# Biasing Calculations

Although transistor switching circuits operate without bias, it is unusual for analog circuits to operate without bias. One of the few examples is “TR One, one transistor radio” TR One, Ch 9 with an amplified AM (amplitude modulation) detector. Note the lack of a bias resistor at the base in that circuit. In this section we look at a few basic bias circuits which can set a selected emitter current I_{E}. Given a desired emitter current I_{E}, what values of bias resistors are required, R_{B}, R_{E}, etc?

## Base Bias

The simplest biasing applies a *base-bias* resistor between the base and a base battery V_{BB}. It is convenient to use the existing V_{CC} supply instead of a new bias supply. An example of an audio amplifier stage using base-biasing is “Crystal radio with one transistor...” crystal radio, Ch 9. Note the resistor from the base to the battery terminal. A similar circuit is shown in Figure below.

Write a KVL (Krichhoff's voltage law) equation about the loop containing the battery, R_{B}, and the V_{BE} diode drop on the transistor in Figure below. Note that we use V_{BB} for the base supply, even though it is actually V_{CC}. If β is large we can make the approximation that I_{C} =I_{E}. For silicon transistors V_{BE}≅0.7V.

Silicon small signal transistors typically have a β in the range of 100-300. Assuming that we have a β=100 transistor, what value of base-bias resistor is required to yield an emitter current of 1mA?

Solving the IE base-bias equation for R_{B} and substituting β, V_{BB}, V_{BE}, and I_{E} yields 930kΩ. The closest standard value is 910kΩ.

What is the emitter current with a 910kΩ resistor? What is the emitter current if we randomly get a β=300 transistor?

The emitter current is little changed in using the standard value 910kΩ resistor. However, with a change in β from 100 to 300, the emitter current has tripled. This is not acceptable in a power amplifier if we expect the collector voltage to swing from near V_{CC} to near ground. However, for low level signals from micro-volts to a about a volt, the bias point can be centered for a β of square root of (100·300)=173. The bias point will still drift by a considerable amount . However, low level signals will not be clipped.
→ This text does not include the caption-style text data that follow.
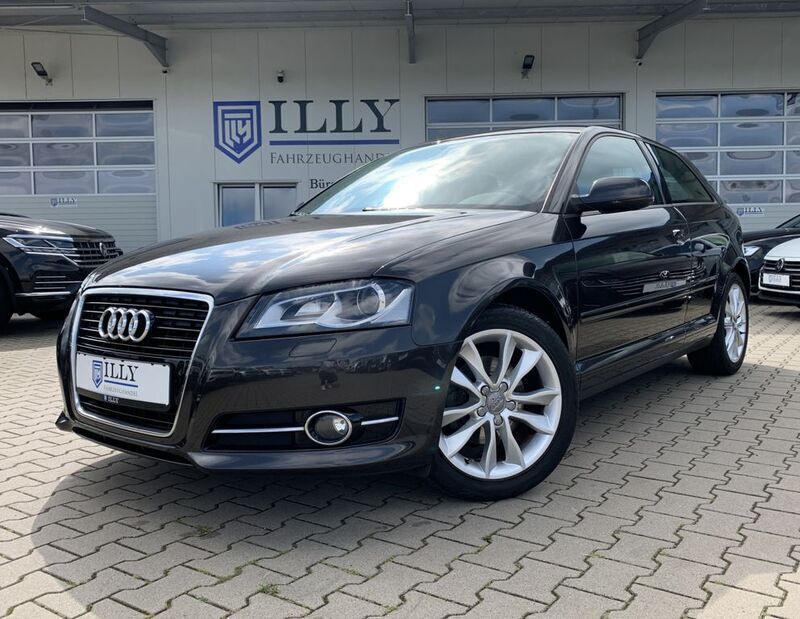 Grau Gebraucht 2012 Audi A3 Ambition Limousine | 5.490 € (Guter Preis) - Bild 1/4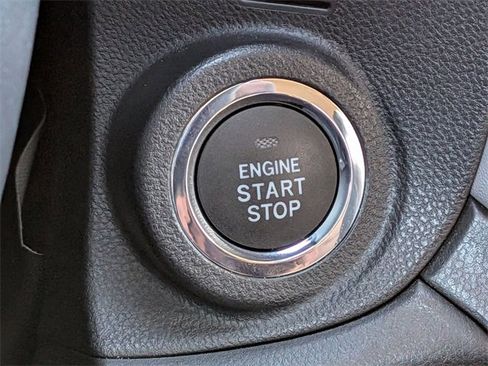 Certified 2025 Subaru Outback Limited image 26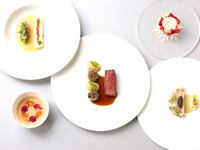 Festive 5 Course Lunch (12/18～26 Only)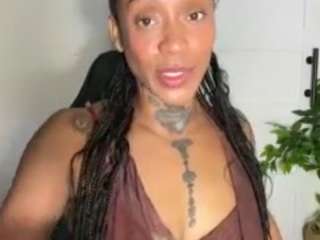 iambaldheadbrittany — Camsoda stream photo (Apr 2026)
Base-bias by its self is not suitable for high emitter currents, as used in power amplifiers. The base-biased emitter current is not temperature stable. *Thermal run away* is the result of high emitter current causing a temperature increase which causes an increase in emitter current, which further increases temperature.

## Collector-feedback Bias

Variations in bias due to temperature and beta may be reduced by moving the V_{BB} end of the base-bias resistor to the collector as in Figure below. If the emitter current were to increase, the voltage drop across R_{C} increases, decreasing V_{C}, decreasing I_{B} fed back to the base. This, in turn, decreases the emitter current, correcting the original increase.

Write a KVL equation about the loop containing the battery, R_{C} , R_{B} , and the V_{BE} drop. Substitute I_{C}≅I_{E} and I_{B}≅I_{E}/β. Solving for I_{E} yields the IE CFB-bias equation. Solving for I_{B} yields the IB CFB-bias equation.

Find the required collector feedback bias resistor for an emitter current of 1 mA, a 4.7K collector load resistor, and a transistor with β=100 . Find the collector voltage V_{C}. It should be approximately midway between V_{CC} and ground.

The closest standard value to the 460k collector feedback bias resistor is 470k. Find the emitter current I_{E} with the 470 K resistor. Recalculate the emitter current for a transistor with β=100 and β=300.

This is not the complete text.